[What is expected]:
Write out the entries below exactly, from the first line to the one with "Чайник нержавеющая сталь", both ends included.

[Data under study]:

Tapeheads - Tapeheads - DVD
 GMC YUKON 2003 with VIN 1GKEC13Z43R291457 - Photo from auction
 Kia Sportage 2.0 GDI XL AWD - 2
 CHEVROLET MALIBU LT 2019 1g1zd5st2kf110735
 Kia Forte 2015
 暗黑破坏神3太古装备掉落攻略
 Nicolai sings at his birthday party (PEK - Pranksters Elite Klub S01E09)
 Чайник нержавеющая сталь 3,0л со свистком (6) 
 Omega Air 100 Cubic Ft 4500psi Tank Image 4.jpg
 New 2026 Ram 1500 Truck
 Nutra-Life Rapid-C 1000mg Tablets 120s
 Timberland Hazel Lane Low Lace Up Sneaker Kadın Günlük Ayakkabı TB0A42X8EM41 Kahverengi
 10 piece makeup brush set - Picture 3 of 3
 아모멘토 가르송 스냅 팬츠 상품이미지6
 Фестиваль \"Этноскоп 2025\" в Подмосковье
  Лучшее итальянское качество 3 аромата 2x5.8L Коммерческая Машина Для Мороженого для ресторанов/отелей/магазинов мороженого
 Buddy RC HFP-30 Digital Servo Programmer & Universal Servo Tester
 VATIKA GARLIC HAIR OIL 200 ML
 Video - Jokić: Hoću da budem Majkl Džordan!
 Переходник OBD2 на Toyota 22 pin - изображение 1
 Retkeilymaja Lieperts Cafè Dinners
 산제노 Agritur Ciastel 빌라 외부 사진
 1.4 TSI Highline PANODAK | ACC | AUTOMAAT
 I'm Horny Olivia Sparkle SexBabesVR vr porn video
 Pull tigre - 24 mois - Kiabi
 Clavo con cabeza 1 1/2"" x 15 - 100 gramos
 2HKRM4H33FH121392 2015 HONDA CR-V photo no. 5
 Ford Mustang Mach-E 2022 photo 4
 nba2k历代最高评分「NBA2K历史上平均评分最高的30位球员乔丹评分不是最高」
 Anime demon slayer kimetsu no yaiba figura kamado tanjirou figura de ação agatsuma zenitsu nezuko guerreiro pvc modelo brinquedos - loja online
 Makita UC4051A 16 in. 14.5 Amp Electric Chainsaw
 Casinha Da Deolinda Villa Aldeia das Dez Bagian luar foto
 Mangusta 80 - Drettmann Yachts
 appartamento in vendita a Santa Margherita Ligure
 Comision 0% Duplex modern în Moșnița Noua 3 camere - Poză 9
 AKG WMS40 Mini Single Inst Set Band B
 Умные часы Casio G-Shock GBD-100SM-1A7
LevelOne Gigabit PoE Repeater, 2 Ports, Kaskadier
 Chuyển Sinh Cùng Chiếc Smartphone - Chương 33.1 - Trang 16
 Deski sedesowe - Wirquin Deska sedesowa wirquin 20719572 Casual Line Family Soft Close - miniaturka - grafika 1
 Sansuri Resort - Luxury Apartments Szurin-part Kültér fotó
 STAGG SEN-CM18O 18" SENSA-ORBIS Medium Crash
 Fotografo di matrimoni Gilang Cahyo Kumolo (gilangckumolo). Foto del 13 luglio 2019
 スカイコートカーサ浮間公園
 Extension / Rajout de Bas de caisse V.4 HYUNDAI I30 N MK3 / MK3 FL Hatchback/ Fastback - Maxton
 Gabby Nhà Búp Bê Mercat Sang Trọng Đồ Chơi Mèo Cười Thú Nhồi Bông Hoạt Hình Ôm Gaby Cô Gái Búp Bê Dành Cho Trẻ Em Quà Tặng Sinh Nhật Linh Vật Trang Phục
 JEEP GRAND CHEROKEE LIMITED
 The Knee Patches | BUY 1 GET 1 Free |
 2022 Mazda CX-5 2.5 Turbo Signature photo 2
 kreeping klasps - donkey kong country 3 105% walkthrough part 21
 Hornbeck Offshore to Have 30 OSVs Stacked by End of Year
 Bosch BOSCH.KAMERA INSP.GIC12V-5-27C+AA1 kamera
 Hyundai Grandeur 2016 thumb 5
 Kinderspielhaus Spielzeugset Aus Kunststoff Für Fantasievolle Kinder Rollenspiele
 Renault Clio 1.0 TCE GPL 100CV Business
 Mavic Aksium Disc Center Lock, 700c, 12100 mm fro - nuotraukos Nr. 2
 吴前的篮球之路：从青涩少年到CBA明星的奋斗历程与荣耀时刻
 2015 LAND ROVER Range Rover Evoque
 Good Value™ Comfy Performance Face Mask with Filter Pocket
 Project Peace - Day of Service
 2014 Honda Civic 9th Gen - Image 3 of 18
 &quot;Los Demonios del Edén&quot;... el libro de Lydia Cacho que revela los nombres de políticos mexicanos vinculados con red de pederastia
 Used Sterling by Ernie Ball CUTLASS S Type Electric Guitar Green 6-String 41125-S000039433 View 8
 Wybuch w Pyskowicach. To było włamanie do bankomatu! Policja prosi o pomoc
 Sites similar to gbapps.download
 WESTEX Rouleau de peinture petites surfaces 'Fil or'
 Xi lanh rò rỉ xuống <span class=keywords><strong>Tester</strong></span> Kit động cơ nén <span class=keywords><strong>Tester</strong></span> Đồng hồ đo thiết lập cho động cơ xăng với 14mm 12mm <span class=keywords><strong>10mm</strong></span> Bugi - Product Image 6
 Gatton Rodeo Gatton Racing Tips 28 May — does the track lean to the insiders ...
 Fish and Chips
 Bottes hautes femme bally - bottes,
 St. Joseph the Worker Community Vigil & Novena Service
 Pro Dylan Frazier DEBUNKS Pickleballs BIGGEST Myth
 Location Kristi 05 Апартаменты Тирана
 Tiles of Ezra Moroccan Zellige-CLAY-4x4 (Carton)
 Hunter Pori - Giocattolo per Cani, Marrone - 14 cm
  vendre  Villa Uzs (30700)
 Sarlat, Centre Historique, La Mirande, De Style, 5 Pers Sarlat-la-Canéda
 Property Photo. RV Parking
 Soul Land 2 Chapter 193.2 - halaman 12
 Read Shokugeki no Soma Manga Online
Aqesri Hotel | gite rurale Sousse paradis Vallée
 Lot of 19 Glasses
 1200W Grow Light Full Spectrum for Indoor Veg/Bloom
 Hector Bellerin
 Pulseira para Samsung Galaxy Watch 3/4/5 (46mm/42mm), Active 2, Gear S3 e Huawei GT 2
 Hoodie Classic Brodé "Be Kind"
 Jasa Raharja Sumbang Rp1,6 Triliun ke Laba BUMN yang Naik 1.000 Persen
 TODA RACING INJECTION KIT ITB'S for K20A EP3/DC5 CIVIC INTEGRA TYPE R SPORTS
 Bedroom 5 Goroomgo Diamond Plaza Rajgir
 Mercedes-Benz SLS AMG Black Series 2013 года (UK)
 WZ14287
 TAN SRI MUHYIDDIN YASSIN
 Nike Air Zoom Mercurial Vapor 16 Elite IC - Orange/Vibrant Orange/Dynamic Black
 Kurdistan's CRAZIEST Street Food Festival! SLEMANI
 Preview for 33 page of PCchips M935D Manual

[Your solution]:
Tapeheads - Tapeheads - DVD
 GMC YUKON 2003 with VIN 1GKEC13Z43R291457 - Photo from auction
 Kia Sportage 2.0 GDI XL AWD - 2
 CHEVROLET MALIBU LT 2019 1g1zd5st2kf110735
 Kia Forte 2015
 暗黑破坏神3太古装备掉落攻略
 Nicolai sings at his birthday party (PEK - Pranksters Elite Klub S01E09)
 Чайник нержавеющая сталь 3,0л со свистком (6) 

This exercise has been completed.